-- Task directions --
Within the entries below, please return exactly the lines from the one with "Samantha 36 in" through the one with "Full XL Size", leaving out any pictures.

-- Exercise inputs --
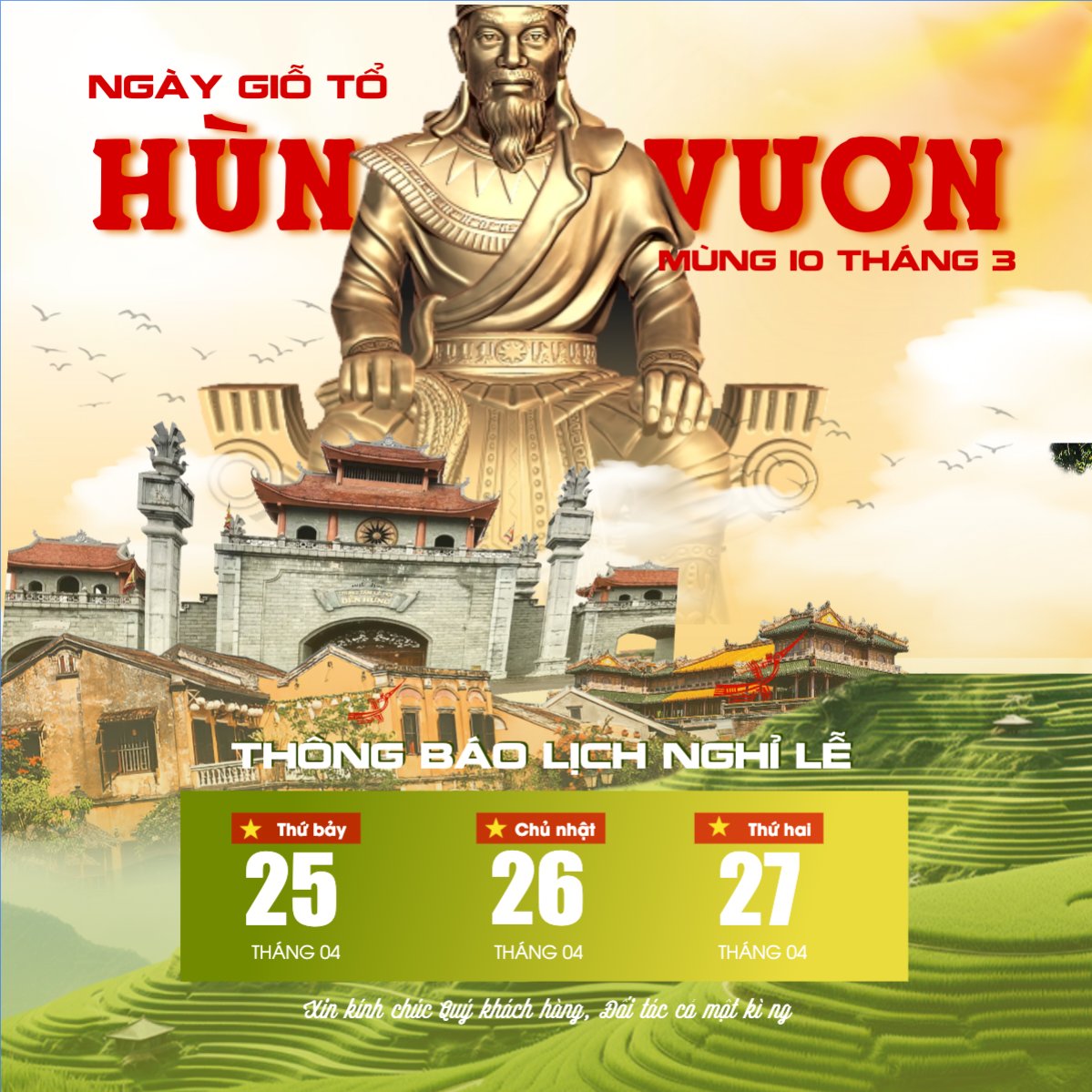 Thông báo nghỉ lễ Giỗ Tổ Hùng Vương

* * *

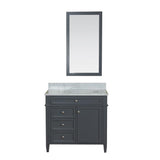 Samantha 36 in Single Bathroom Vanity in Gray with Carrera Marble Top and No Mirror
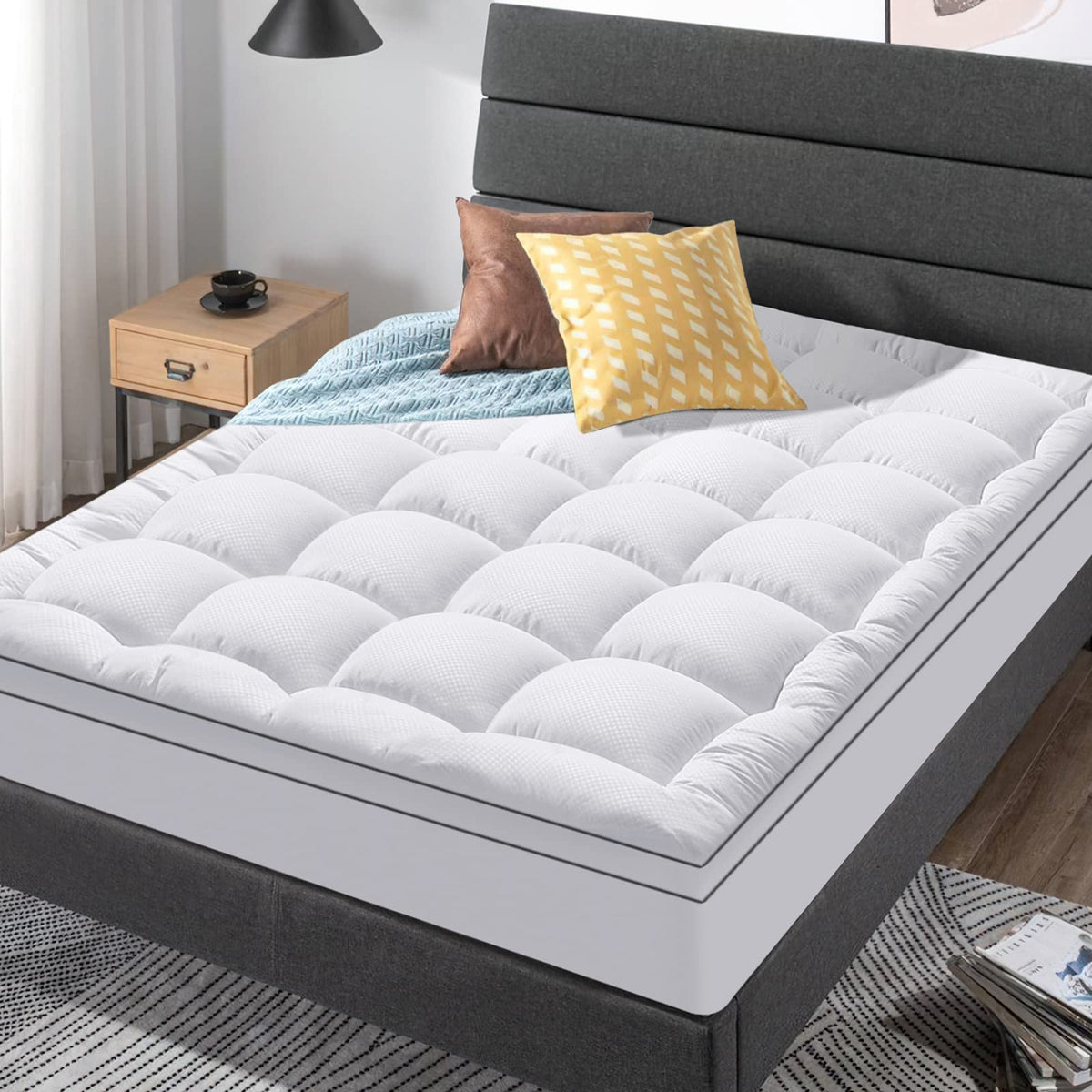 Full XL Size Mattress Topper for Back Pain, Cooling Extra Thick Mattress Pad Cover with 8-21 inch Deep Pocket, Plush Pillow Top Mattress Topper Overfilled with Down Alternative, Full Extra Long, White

-- Solution for this exercise --
 Samantha 36 in Single Bathroom Vanity in Gray with Carrera Marble Top and No Mirror
 Full XL Size Mattress Topper for Back Pain, Cooling Extra Thick Mattress Pad Cover with 8-21 inch Deep Pocket, Plush Pillow Top Mattress Topper Overfilled with Down Alternative, Full Extra Long, White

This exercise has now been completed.